# Task directions
Everything in the listing should be transcribed exactly, apart from the pictures.

# Data section

◇ ◇ ◇

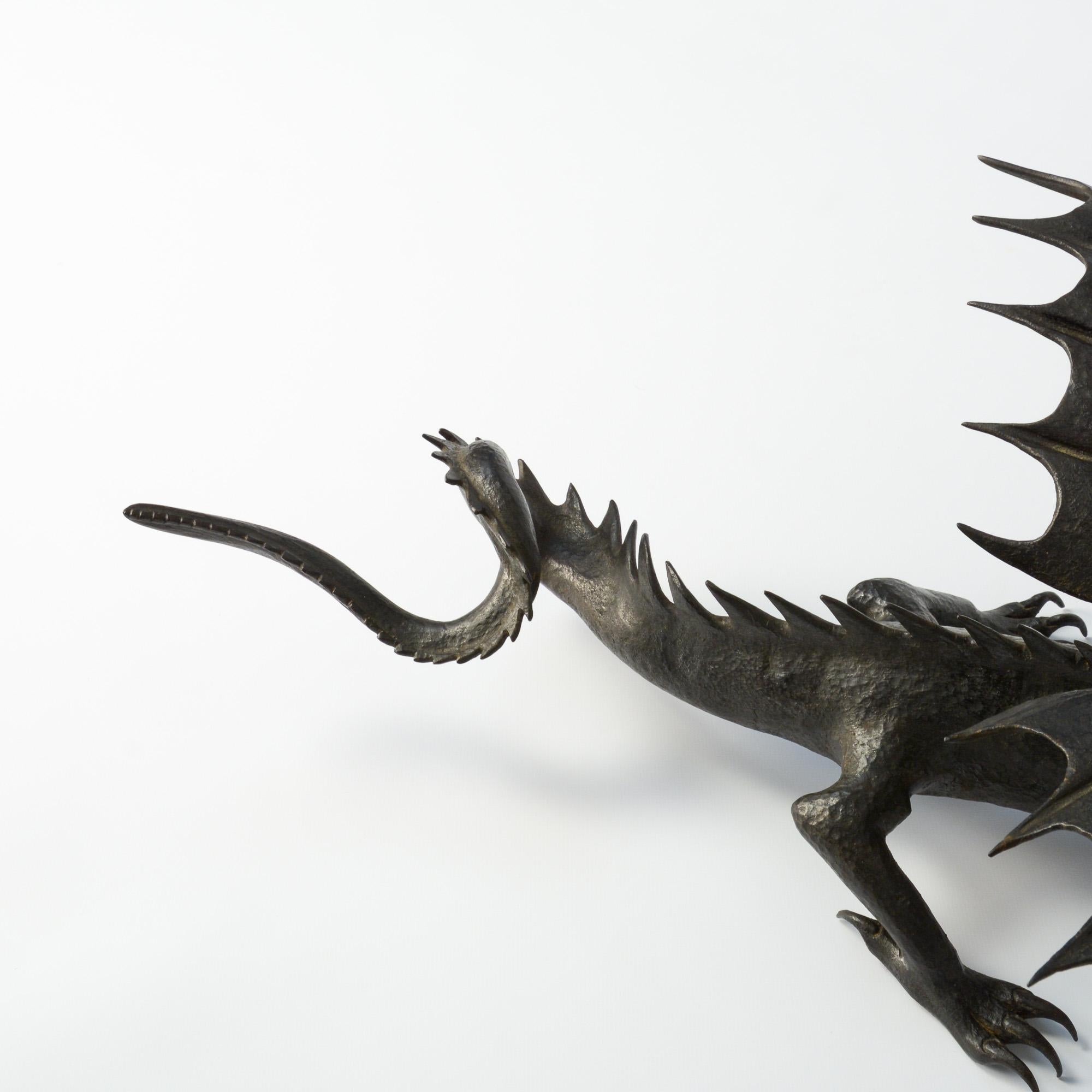 Sculpture de dragon en fer forgé à la main en vente 9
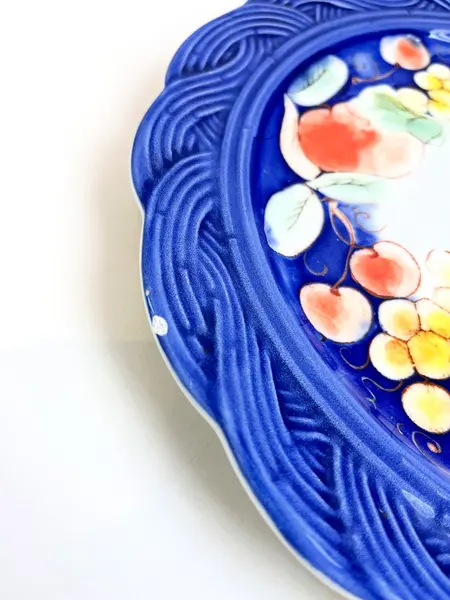 Foto de um(a) ​Prato para doces em porcelana italiana, da categoria de Travessas e tigelas. Prato para doces em porcelana italiana estampada. Possui um lascado na borda como nas fotos. Medidas: 28cm de diâmetro. Mostrado de uma perspectiva diferente. Vendido no marketplace Trésors.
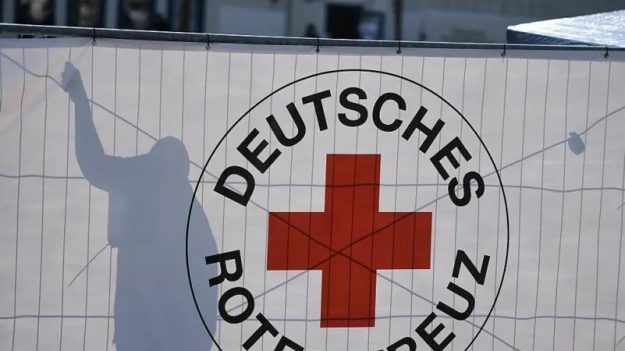 Voyage en Europe des chaussures d’un internaute données au recyclage : du conteneur de la Croix-Rouge à la Bosnie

◇ ◇ ◇

# Output of the task
 Sculpture de dragon en fer forgé à la main en vente 9
 Foto de um(a) ​Prato para doces em porcelana italiana, da categoria de Travessas e tigelas. Prato para doces em porcelana italiana estampada. Possui um lascado na borda como nas fotos. Medidas: 28cm de diâmetro. Mostrado de uma perspectiva diferente. Vendido no marketplace Trésors.
 Voyage en Europe des chaussures d’un internaute données au recyclage : du conteneur de la Croix-Rouge à la Bosnie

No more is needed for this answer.